Work request. When you copy from the entries that follow, take only the lines from the one with "250+ Viking Dog" down to the one with "elegant flamingo birds couple", keeping both ends and dropping every picture.

Information provided.
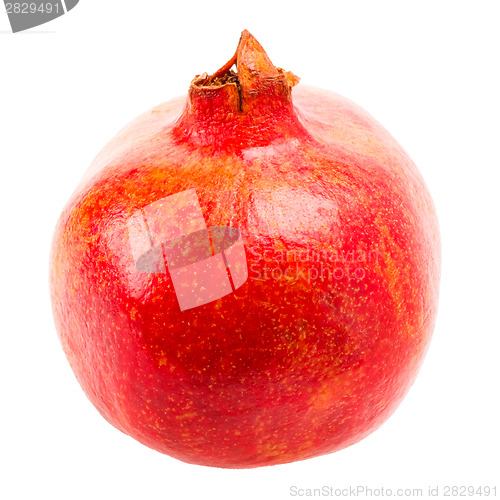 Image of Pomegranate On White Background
==
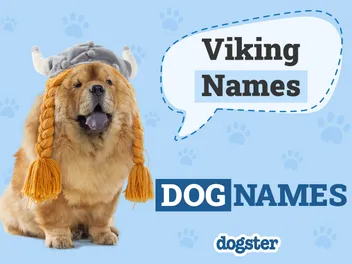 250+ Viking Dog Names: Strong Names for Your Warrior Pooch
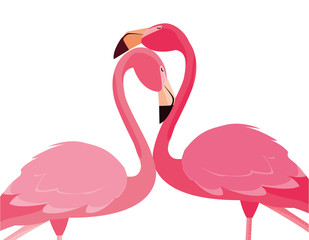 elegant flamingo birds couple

Solution below.
 250+ Viking Dog Names: Strong Names for Your Warrior Pooch
 elegant flamingo birds couple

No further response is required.